Nazisme et rexisme, aîné et cadet, petite et grande histoire. Dans « L’autre Simenon », Patrick Roegiers romance l’histoire de deux frères dissemblables que tout semble opposer, si ce n’est leurs liens avec le crime. La fiction s’insère dans les blancs de l’histoire, en relançant un vieux débat entre histoire et littérature.

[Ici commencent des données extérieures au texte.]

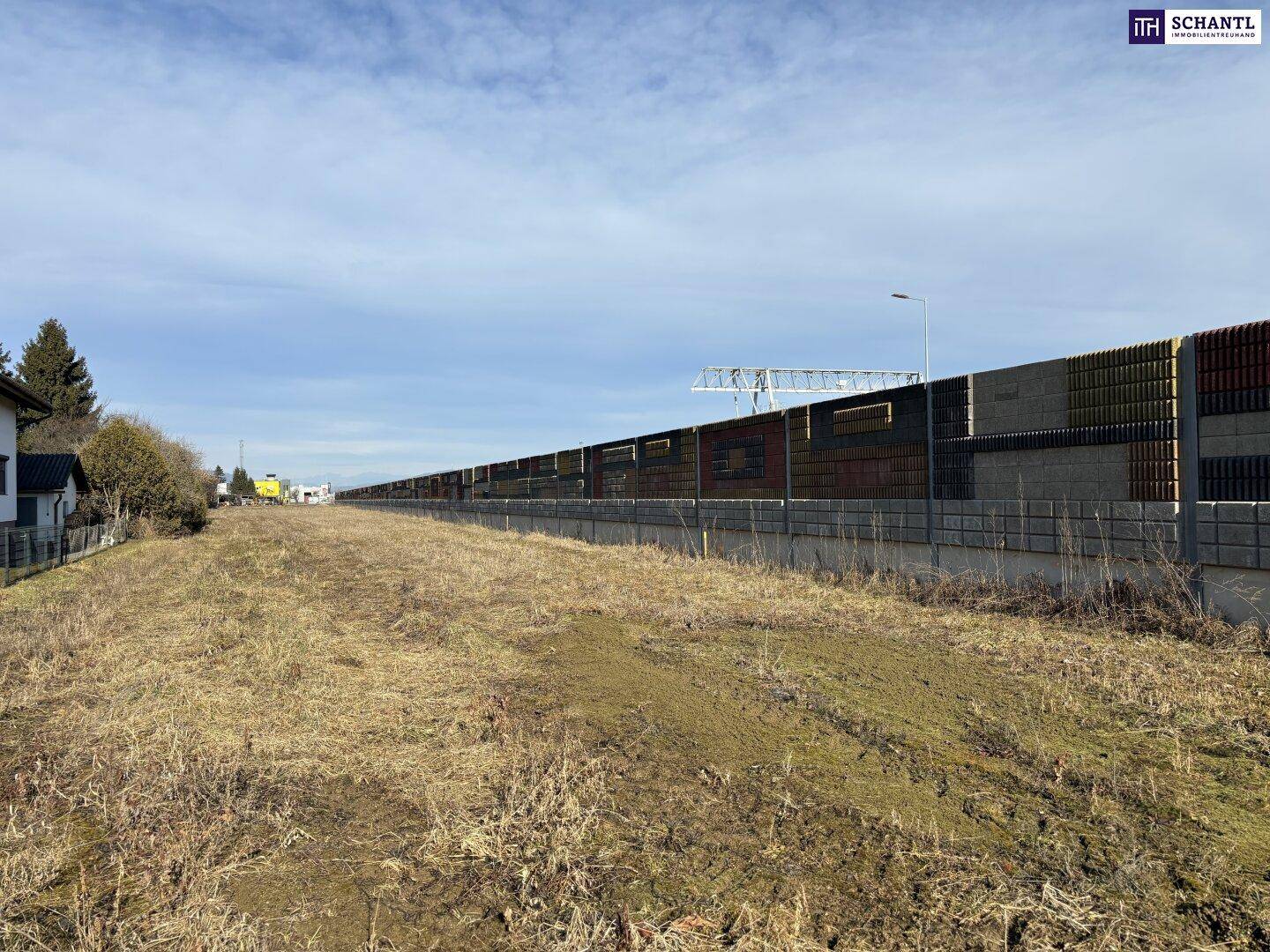 Weitläufiges, unbebautes Grundstück angrenzend an eine lange Lärmschutzwand mit Häusern in der Ferne.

Adolf Hitler et Léon Degrelle. Georges et Christian Simenon. L’Histoire a retenu le nom des premiers, moins des seconds. Fondateur du Rexisme, ce parti belge catholique et d’extrême-droite créé en 1936, Léon Degrelle enflamme des foules en délire, soulève une incontrôlable « degrellomania » et rassemble tous les gros bras et les petites frappes de Belgique. « Prêcheur en eaux troubles« , « prêtre de foire« , ce simili-Fürher sait tirer parti des frustrations des années 30, comme un petit frère moins connu d’Hitler et de Mussolini.
Parmi les convertis au Rexisme, un autre petit frère va peu à peu trouver sa place jusqu’à devenir chef de section au sein de l’état-major du parti, pendant la Seconde Guerre Mondiale. Christian aurait pu rester un fantoche, un faible, un collaborateur parmi tant d’autres dont l’histoire n’aurait retenu que la participation à la « tuerie de Courcelles« , cette froide exécution de 27 civils perpétrée les 17 et 18 août 1944, s’il n’était aussi le frère de Simenon, le grand: Georges. Un petit frère écrasé par un aîné adulé et jouisseur, qui sut embrasser la vie et le succès à pleines mains. Une histoire de fratrie banale et sordide, comme la collaboration.
Une réflexion sur le charisme
À travers ces destins croisés, c’est une réflexion sur le charisme et le succès que propose le roman, en essayant de démonter quelques ressorts de la fascination pour un homme. Patrick Roegiers décrit, sur des dizaines de pages, la mise en scène musclée et la rhétorique populiste de Degrelle, qui sait trouver les formules frappantes pour envelopper de sa vindicte les « banksters« , les « combinards obscurs » et les « politiciens fripouilles« . La recette est ancienne mais l’efficacité redoutable. La foule est présentée comme féminine, abrutie et moutonnante. Roegiers n’a pas peur des clichés, mais réussit à redonner du souffle à ces grandes scènes de délire collectif, avec un certain humour et une assez belle inventivité verbale. Il y a parfois quelques longueurs ou des passages franchement écœurants, comme dans la guerre au fond.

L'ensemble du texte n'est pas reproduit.